The Battle of Okhmativ or battle of Ochmatów (, , ) took place around 19 January - 22 January 1655 (January 29 - February 1, N.S) during the Russo-Polish War (1654–67) between the armies of the Polish–Lithuanian Commonwealth and the Crimean Khanate on the one hand and of the Russian Tsardom and the Cossacks on the other.

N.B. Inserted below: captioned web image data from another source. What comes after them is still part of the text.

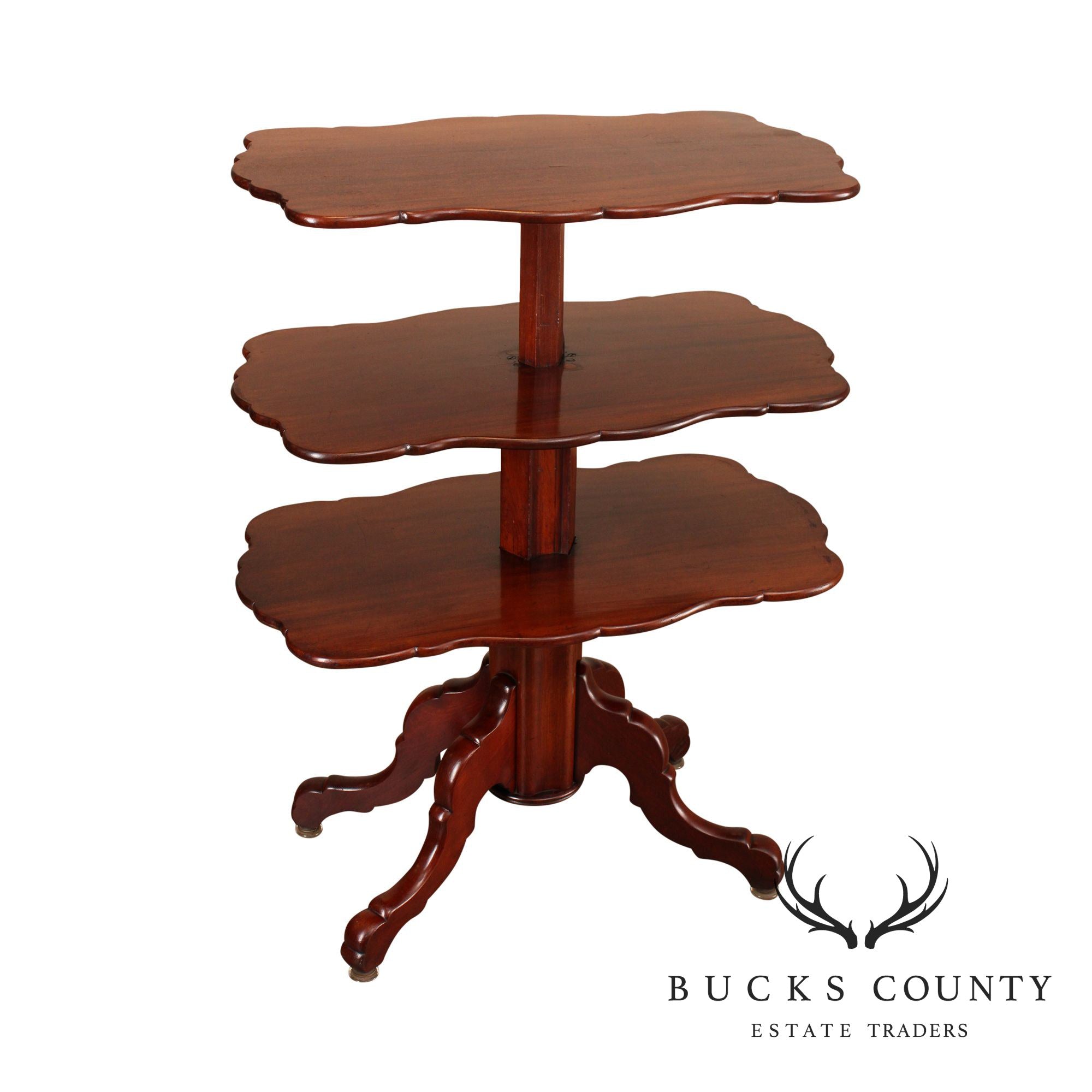 English Regency Antique Mahogany Metamorphic 3 Tier Dumb Waiter Table (B)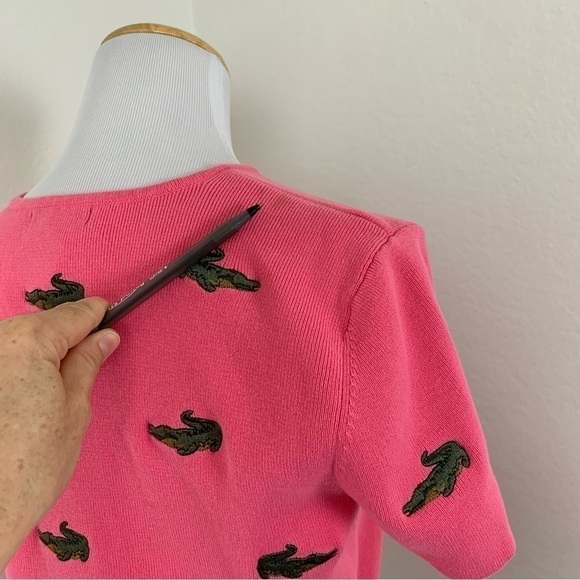 Alexandra Bartlett Alligator Pink Knit Top Womens L Crocodile Novelty Shirt - Picture 11 of 15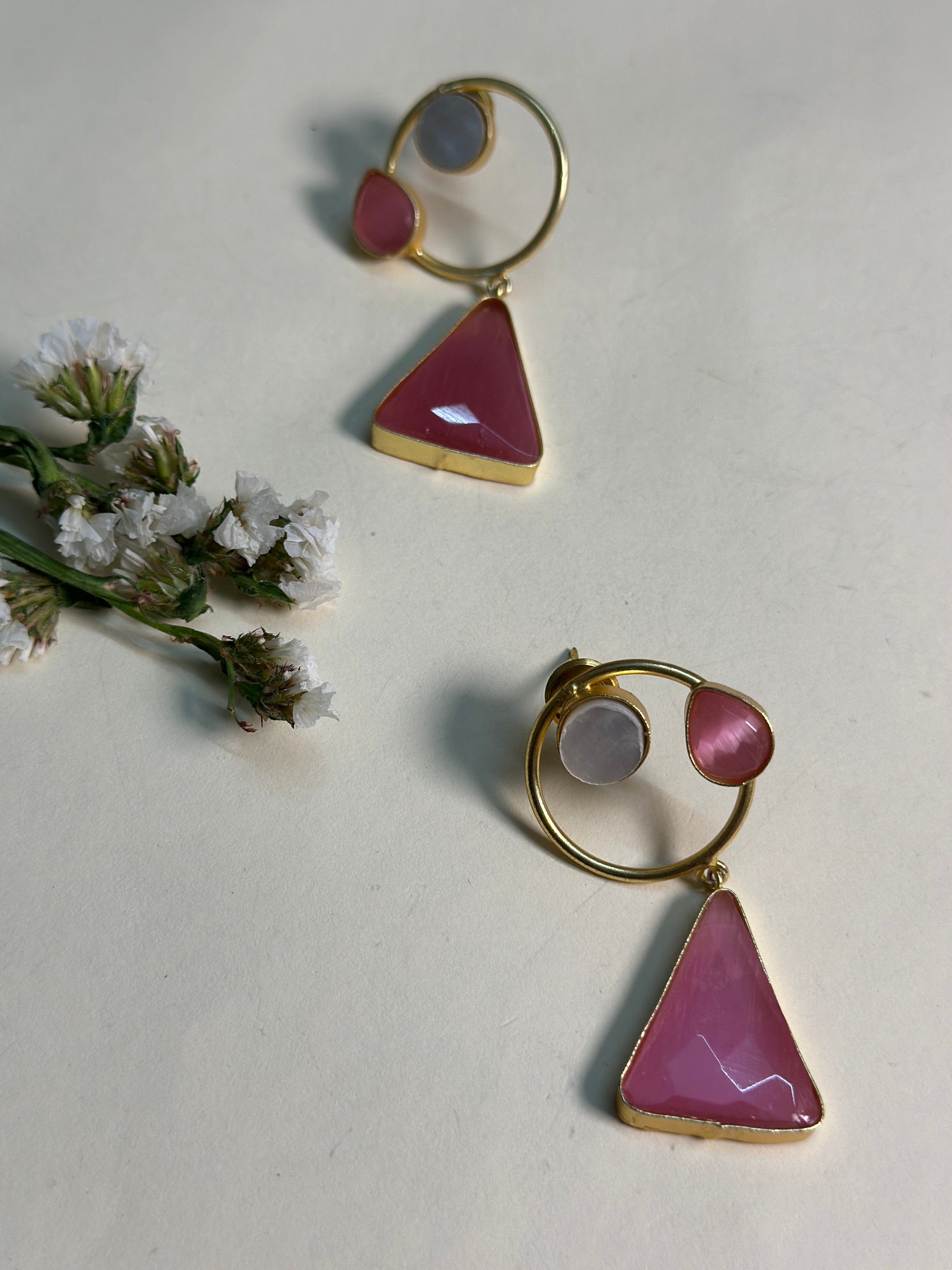 Blush Luxe Triangle Earrings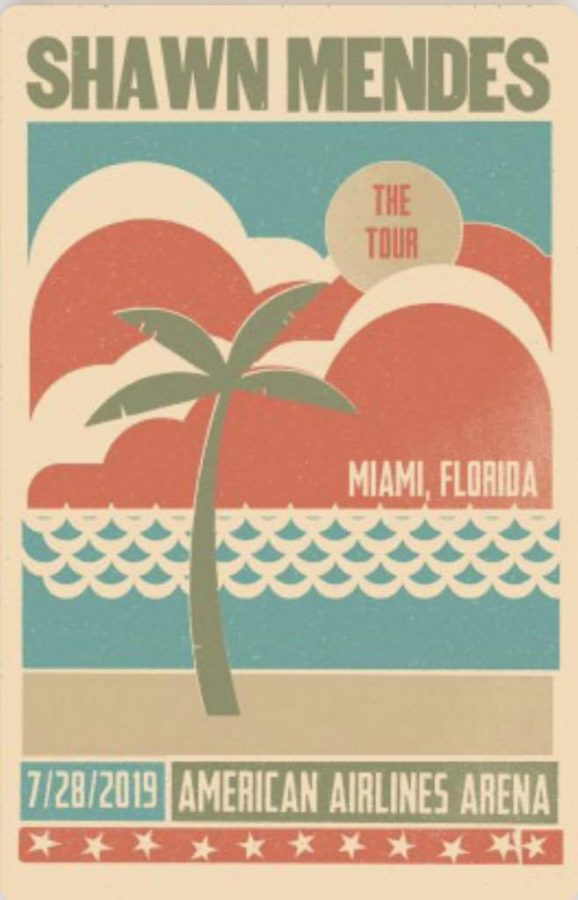 This customized concert poster for the city of Miami not only captivated several characterizing aspects of South Florida, but also excited Shawn Mendess strong fanbase in Miami.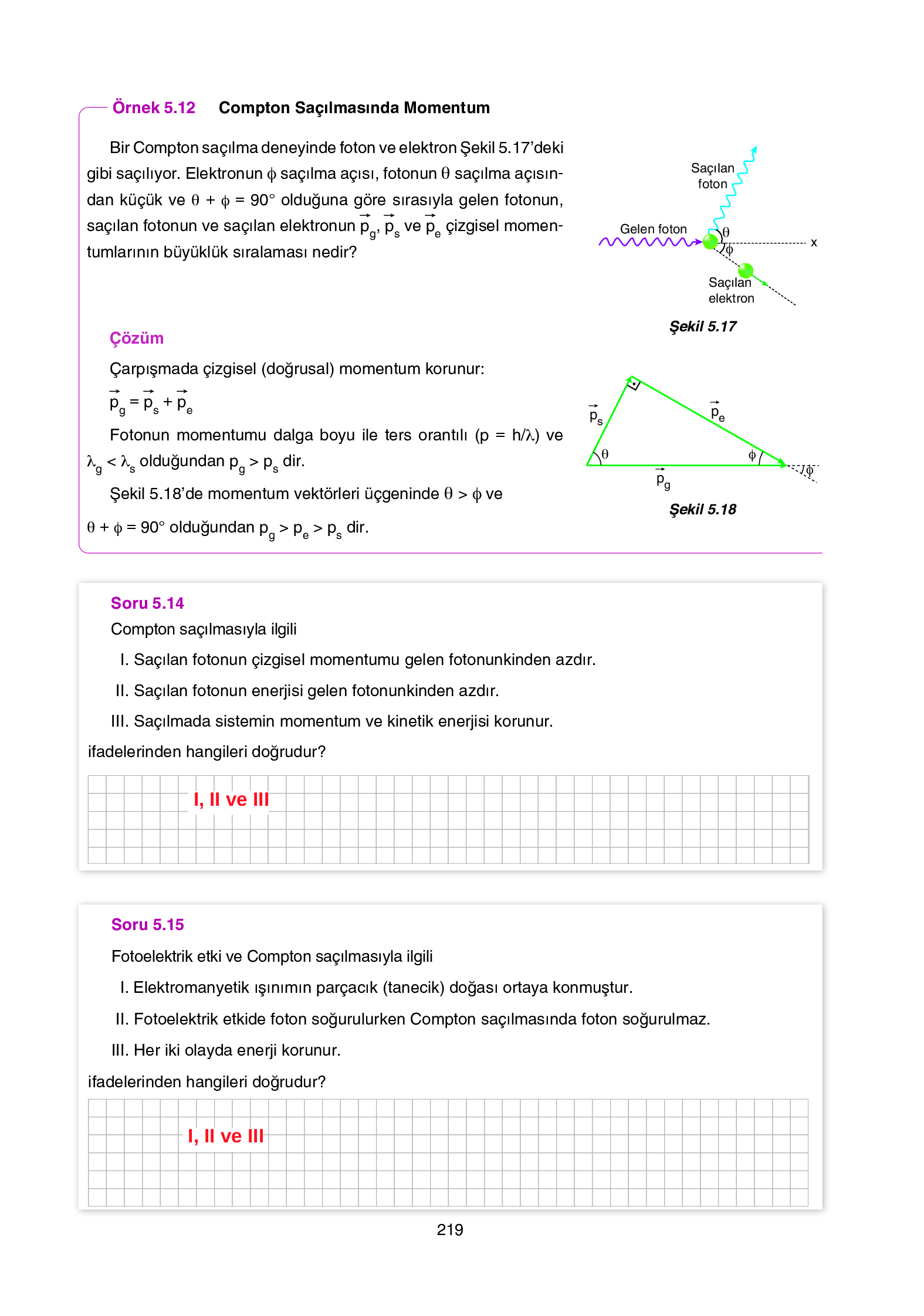 12. Sınıf Yıldırım Yayınları Fizik Ders Kitabı Sayfa 219 Cevapları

The Russian-Cossack army led by Bohdan Khmelnytsky and Vasily Sheremetev went to the relief of Uman besieged by the Polish–Lithuanian army. When the commanders of the Polish army Stanisław Potocki and Stanisław Lanckoroński learned about the march of the Russians and Cossacks, they discontinued the siege and together with an army of the Crimean Khanate went out to meet them. Part of the Polish troops led by Szemberg was to guard the Puszkarenko group trapped in Okhmativ, numbering 2000 soldiers, while the main force moved on January 29 in the north. The entire Polish–Tatar army marched in expanded battle array. The Russian-Cossack army went in laager formation. 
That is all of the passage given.